Image-backed grounding data
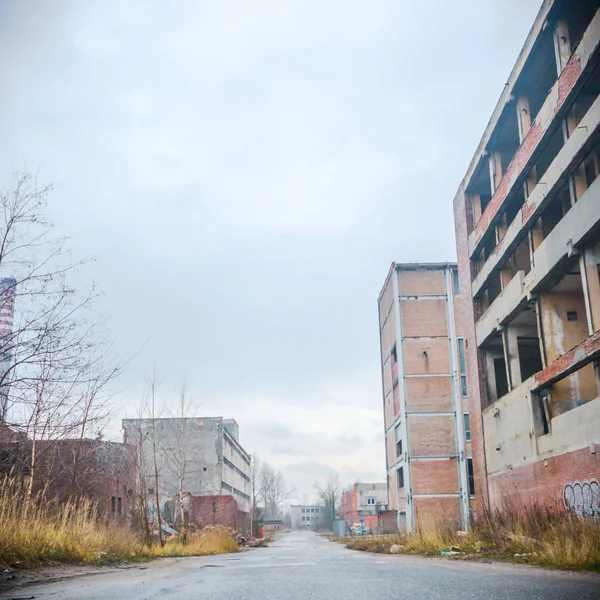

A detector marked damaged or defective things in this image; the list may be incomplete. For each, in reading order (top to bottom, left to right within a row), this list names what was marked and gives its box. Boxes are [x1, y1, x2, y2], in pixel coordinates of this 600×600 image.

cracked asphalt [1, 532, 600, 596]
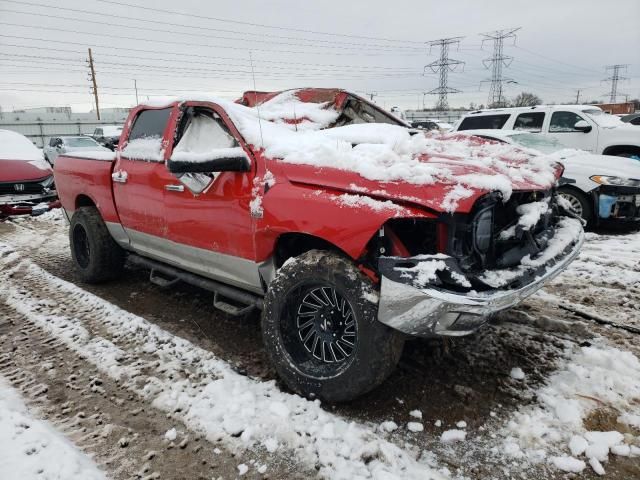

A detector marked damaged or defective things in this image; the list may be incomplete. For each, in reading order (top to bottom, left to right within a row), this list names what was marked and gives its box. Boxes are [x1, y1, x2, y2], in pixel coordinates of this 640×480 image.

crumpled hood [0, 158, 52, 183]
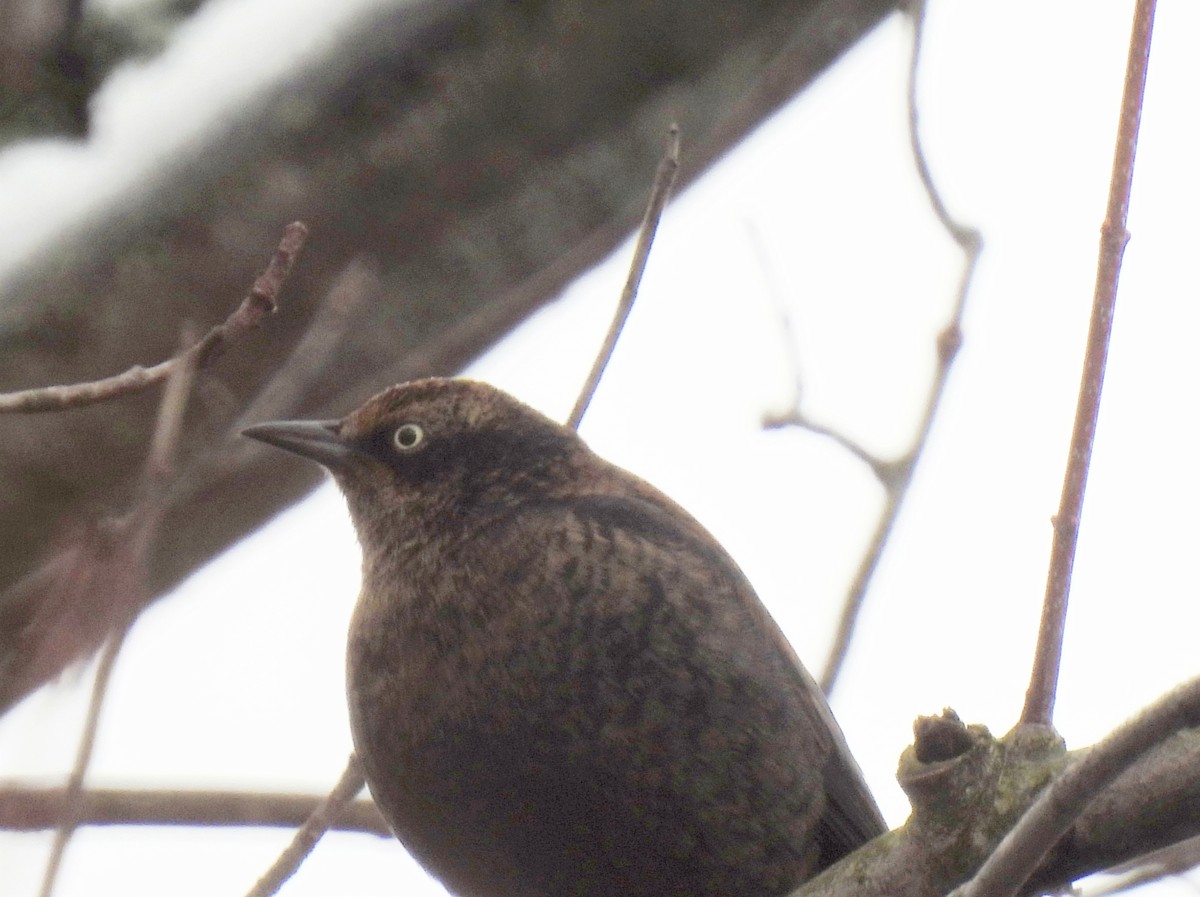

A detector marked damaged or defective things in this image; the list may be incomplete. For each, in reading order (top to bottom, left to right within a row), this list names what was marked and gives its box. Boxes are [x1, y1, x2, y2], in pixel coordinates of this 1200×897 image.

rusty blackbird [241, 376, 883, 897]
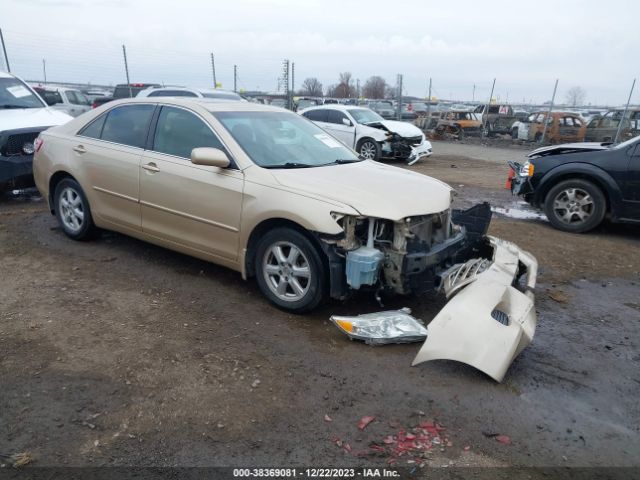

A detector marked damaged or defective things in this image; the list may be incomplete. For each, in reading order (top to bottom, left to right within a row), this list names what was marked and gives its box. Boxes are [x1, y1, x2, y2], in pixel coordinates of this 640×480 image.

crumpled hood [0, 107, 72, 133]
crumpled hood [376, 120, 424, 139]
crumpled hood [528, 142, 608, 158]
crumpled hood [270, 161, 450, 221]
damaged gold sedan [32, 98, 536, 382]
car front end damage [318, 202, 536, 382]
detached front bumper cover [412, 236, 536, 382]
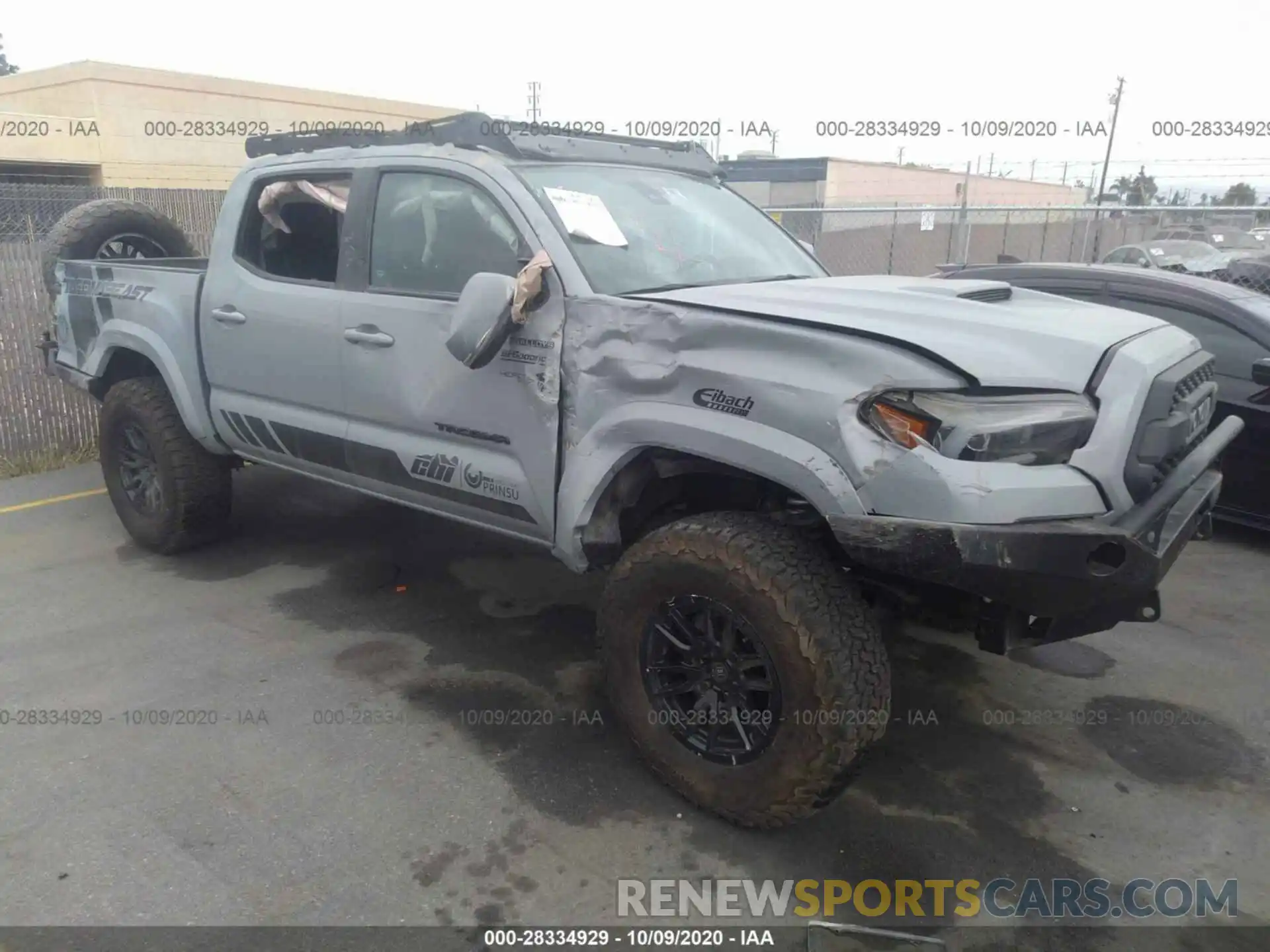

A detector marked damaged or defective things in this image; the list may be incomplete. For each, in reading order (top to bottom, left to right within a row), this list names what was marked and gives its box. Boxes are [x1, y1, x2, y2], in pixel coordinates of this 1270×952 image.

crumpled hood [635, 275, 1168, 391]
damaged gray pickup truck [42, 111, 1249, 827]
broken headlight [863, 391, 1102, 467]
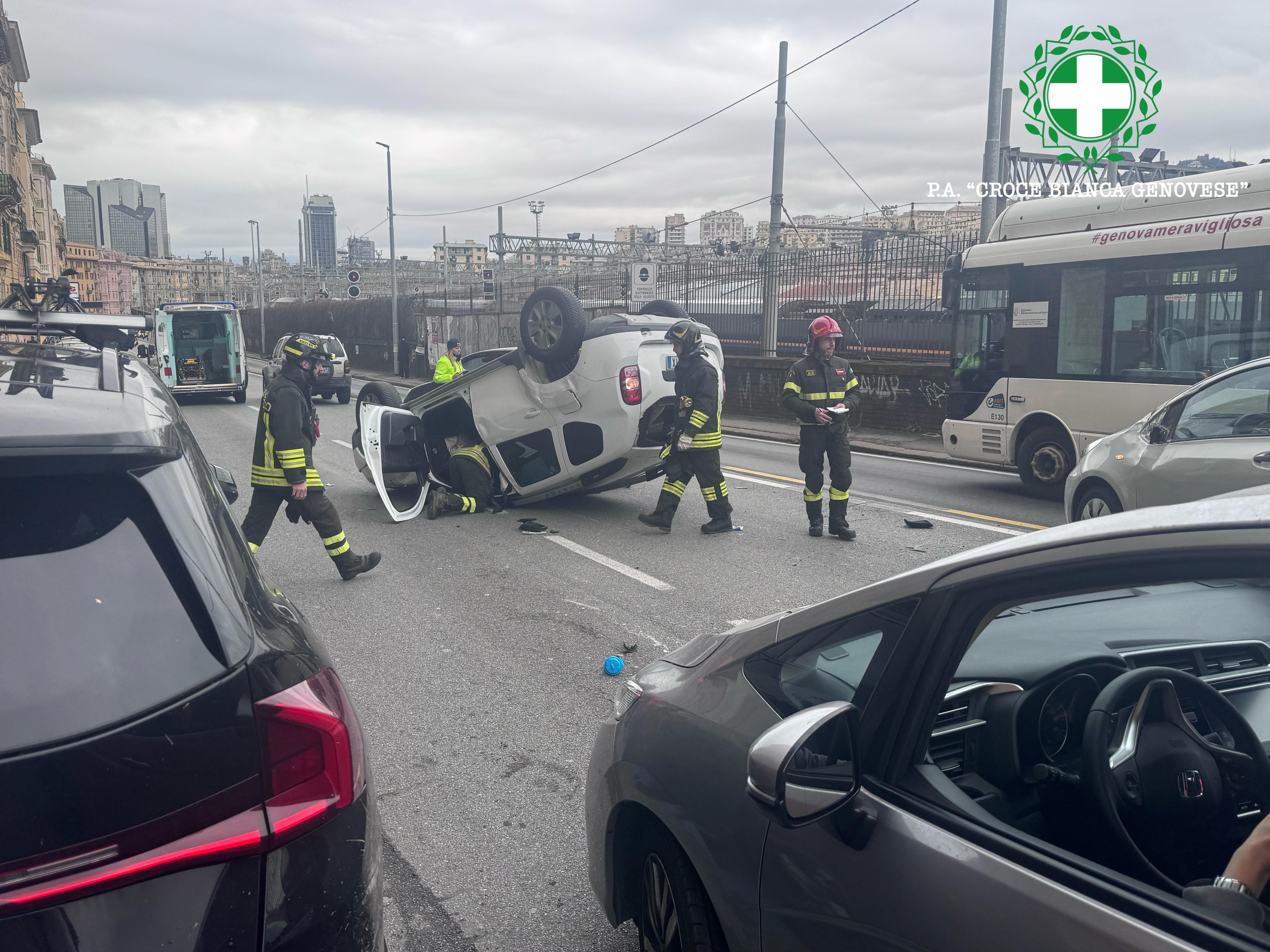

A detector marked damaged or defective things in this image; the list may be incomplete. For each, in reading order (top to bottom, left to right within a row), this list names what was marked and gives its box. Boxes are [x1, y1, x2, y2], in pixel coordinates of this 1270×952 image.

> **The problem**:
Return each of the lines exactly as they appear above, with no images.

> **Expected output**:
A detector marked damaged or defective things in this image; the list may be incomplete. For each, in reading order (top to bottom, left to right within a row), this list names what was marked and gives its box. Boxes are [x1, y1, x2, y2], in pixel coordinates of this 600×600 image.

cracked asphalt [1, 532, 600, 596]

A detector marked damaged or defective things in this image; the list may be incomplete. For each, in reading order (top to bottom, left to right within a row), this list names what was marked and gives its box. Boxes are [x1, y1, x2, y2], in pixel coordinates of this 640×480 image.

crumpled hood [0, 158, 52, 183]

A detector marked damaged or defective things in this image; the list may be incomplete. For each, in reading order (top to bottom, left to right within a row), this list names what was marked and gives its box. Boxes are [x1, y1, x2, y2], in pixel coordinates of this 1200×897 image.

rusty blackbird [241, 376, 883, 897]

A detector marked damaged or defective things in this image; the list may be incomplete. For each, in reading order (top to bottom, left to right within a row), this list names what was marked and gives its box. Boxes are [x1, y1, x2, y2], in pixel coordinates of this 640×480 image.

crumpled hood [0, 107, 72, 133]
crumpled hood [376, 120, 424, 139]
crumpled hood [528, 142, 608, 158]
crumpled hood [270, 161, 450, 221]
damaged gold sedan [32, 98, 536, 382]
car front end damage [318, 202, 536, 382]
detached front bumper cover [412, 236, 536, 382]

A detector marked damaged or defective things in this image; the list may be incomplete. For each, in reading order (top to bottom, left to right within a row), this list names what was marked and gives its box. Boxes are [x1, y1, x2, y2], in pixel coordinates of this 1270×952 image.

crumpled hood [635, 275, 1168, 391]
damaged gray pickup truck [42, 111, 1249, 827]
broken headlight [863, 391, 1102, 467]

A detector marked damaged or defective things in this image; the list may be incomplete. For each, in reading order (top to bottom, left to right within a row), this list names what was marked and gives its box. Boxes are [x1, y1, x2, y2], in pixel coordinates of this 1270×952 image.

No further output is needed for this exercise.